Analogously for the wet spells it is:

qqwet <- qqdw[qqdw$state=="wet",]

## ggplot plot
ggwet <- ggplot(data=qqwet)+geom_point(aes(x=obs,y=gen))+theme_bw()+geom_abline()+facet_grid(. ~ season)+xlab("observed")+ylab("generated")
show(ggwet)

It is a comparison of sample probability distributtions of daily precipitation, dry and wet spells between the one obtained by the observed time series and the generated time series.

Generation of Precipitation in Several Stations

Occurrence

Analogously as the one-site case, a precipitation occurrence generator is created from precipitation time series taken in several correlated sites belonging to a limited geographical area. For instance, a subset of Trentino dataset stations is taken into account:

they <- c("T0083","T0090") ##station
exogen <- Tx_mes[,they]-Tn_mes[,they]
months <- factor(prec_mes$month)
model <- PrecipitationOccurrenceMultiSiteModel(x=prec_mes[,they],exogen=exogen,origin=origin)

where model cotains the following elements:

names(model)
#> [1] "T0083"   "T0090"   "ccgamma" "K"       "type"    "station" "p"

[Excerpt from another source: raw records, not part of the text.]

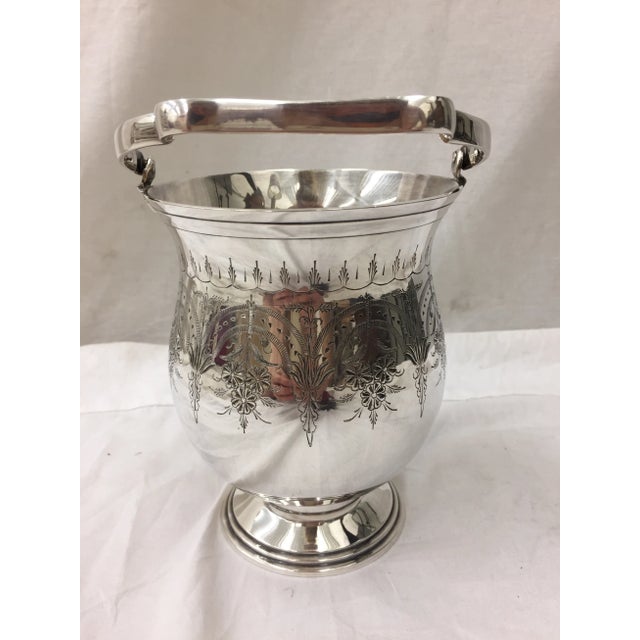 Art Nouveau Antique Etched Silver Vase For Sale - Image 3 of 10
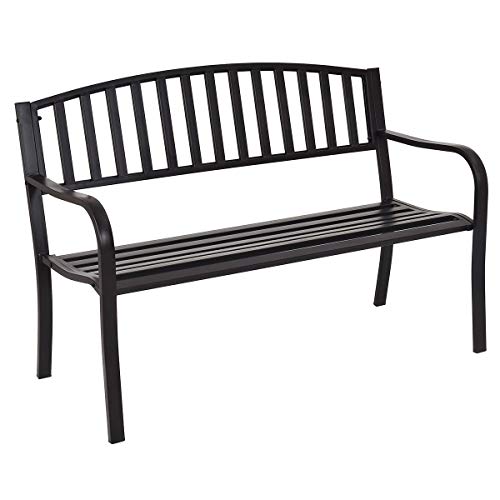 KOMFOTTEU 2 Sitzer Stahlbank, Gartenbank mit Rückenlehne & Armlehnen, Sitzbank bis 280 kg belastbar, Ruhebank für Garten Balkon Terrasse, 127 x 60 x 87 cm, Schwarz von KOMFOTTEU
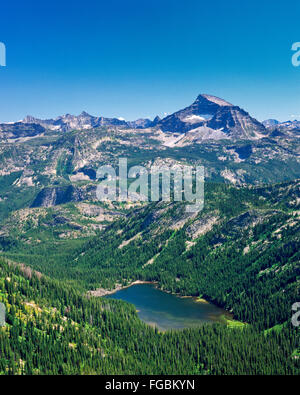 el capitan and elk lake in the bitterroot mountains near darby, montana Stock Photo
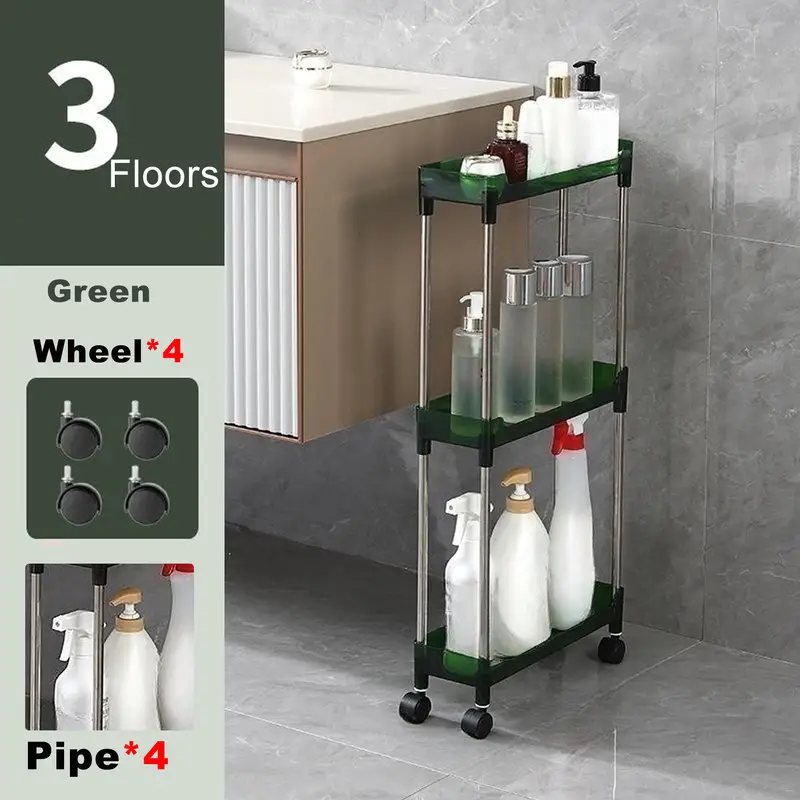 Slim Rolling Storage Cart 3 Tier Bathroom Organizer Mobile - Temu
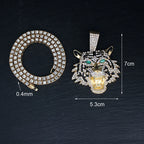 Hip Hop Big 3D Tiger Pendant Necklace Crystal Cuban Chain HipHop Iced Out Bling Necklaces Men Women Fashion Charm Jewelry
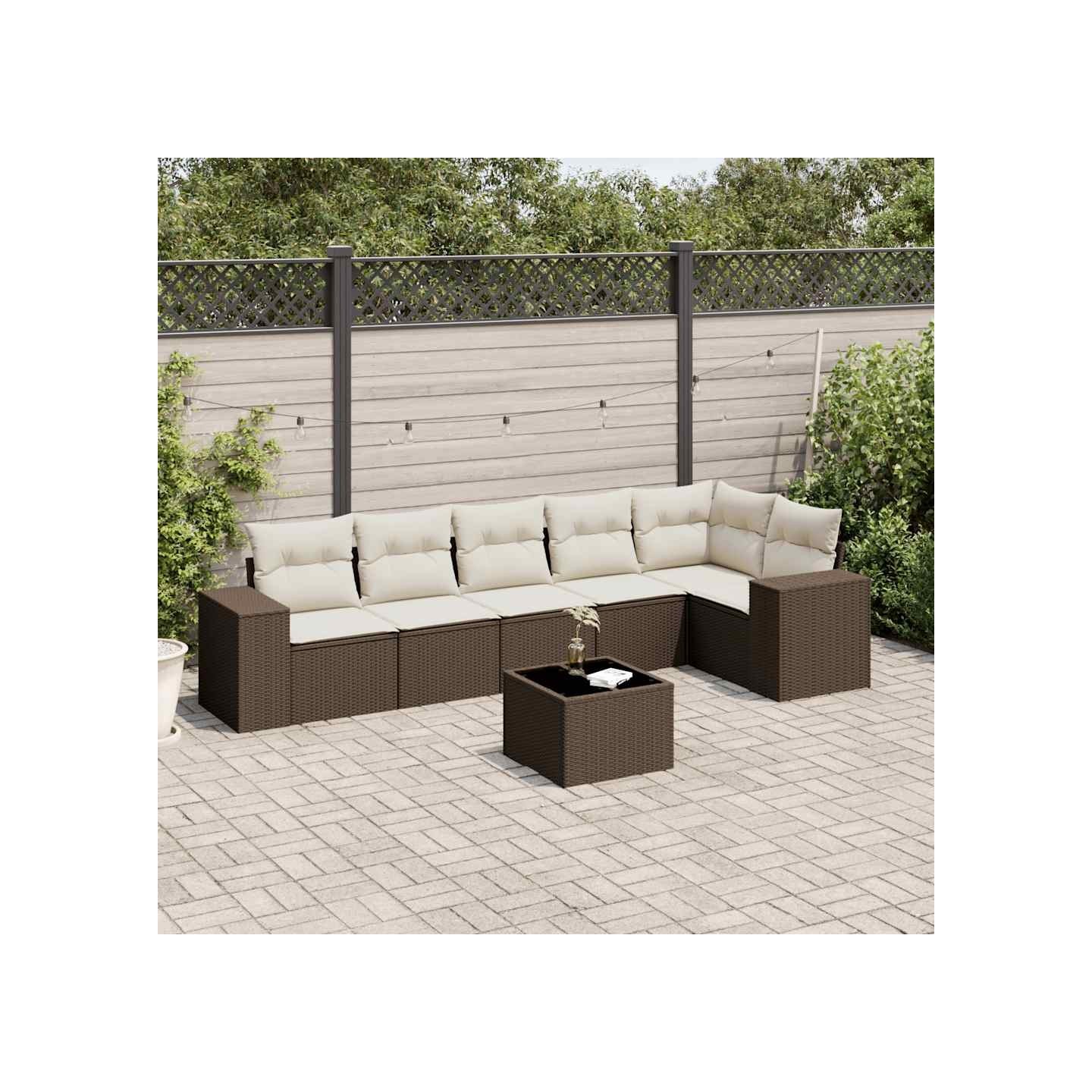 Salon de jardin avec coussins 7 pcs marron résine tressée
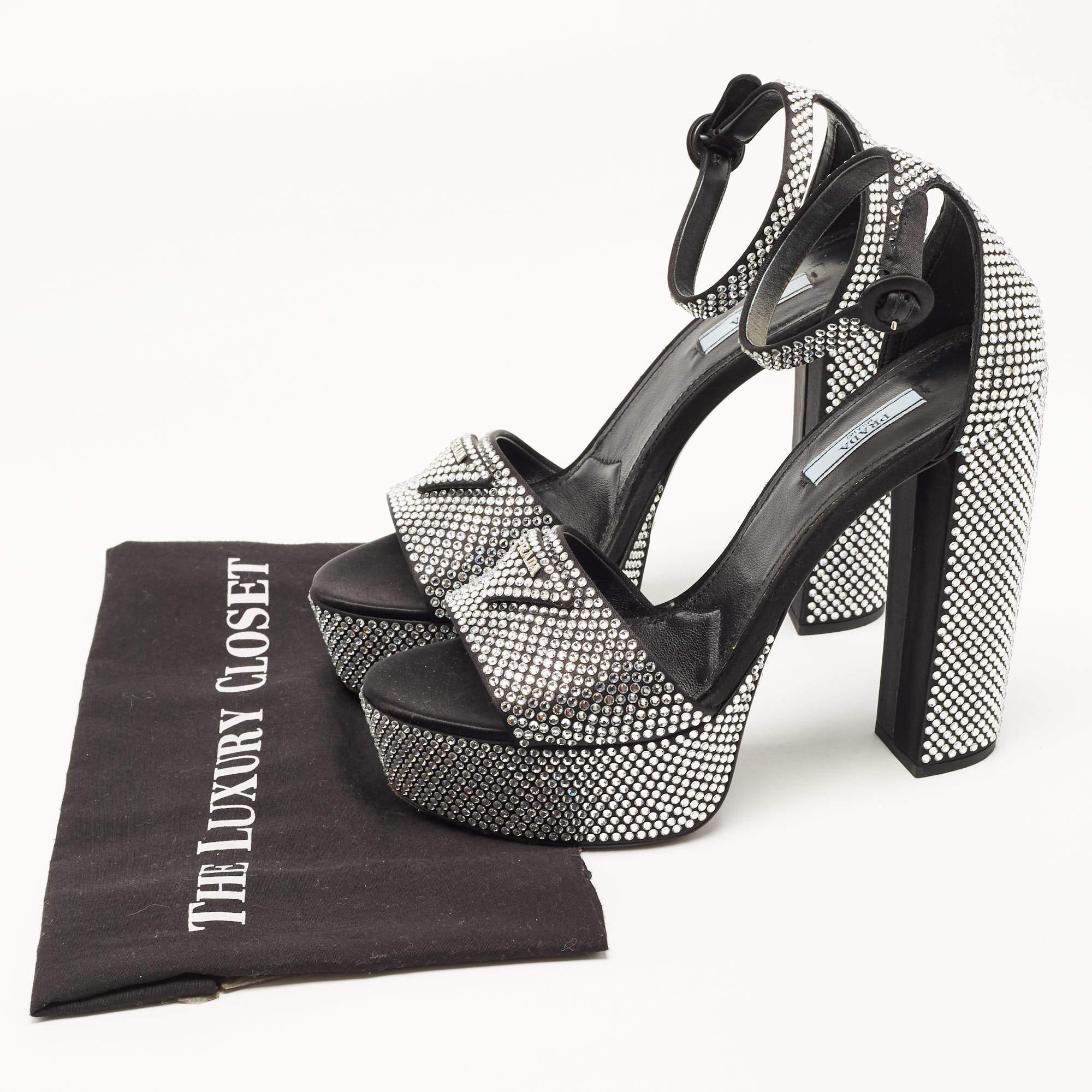 Prada Black/Silver Satin and Crystals Platform Sandals Size 39.5 6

in which the fist (all but the last 6) elements are single-site precipitation occurrene models, one for each gauge precipitation station:

class(model[[1]])
#> [1] "PrecipitationOccurrenceModel"

and the remaining ones are:

class(model$ccgamma)
#> [1] "CCGammaObjectListPerEachMonth"

in which ccgamma is a matrix of corresponding Gaussian correlation of precipitation occurrences calculated with the algorithm introduced by Wilks (1998); this method makes use of a bijective relationships between correlation of binomial processes and Gaussian processes and is used alternatively to a complete logistic regression among stations that would have been computationally heavier;

class(model$K)
#> [1] "integer"

in which K corresponds to the dimensionality (i.e. the number of the gauging stations);

class(model$type)
#> [1] "character"

in which type is the type of the model: in this case, it is based on Wilks’ approach to handle the plurality of the gauging stations;

class(model$station)
#> [1] "character"

in which station is a vector of the names of the gauging stations;

class(model$p)
#> [1] "numeric"

in which p is the lag order of autoregression for the generalized linear model. Therefore, the stochastic generation is made by applying generate method to the model:

prec_gen_occ <- generate(model,exogen=exogen,monthly.factor=months,n=length(months))
#> Processing T0083
#> Processing T0090
str(prec_gen_occ)
#> 'data.frame':    10957 obs. of  2 variables:
#>  $ T0083: logi [1:10957(1d)] FALSE TRUE TRUE TRUE FALSE FALSE ...
#>  $ T0090: logi [1:10957(1d)] FALSE TRUE TRUE TRUE FALSE FALSE ...

Amount

The precipitation amount stochastic generator is then built as follows:


model_amount <- PrecipitationAmountModel(prec_mes,station=they,origin=origin)
names(model_amount)
#> [1] "T0083"   "T0090"   "station" "sample"  "x"       "origin"  "valmin"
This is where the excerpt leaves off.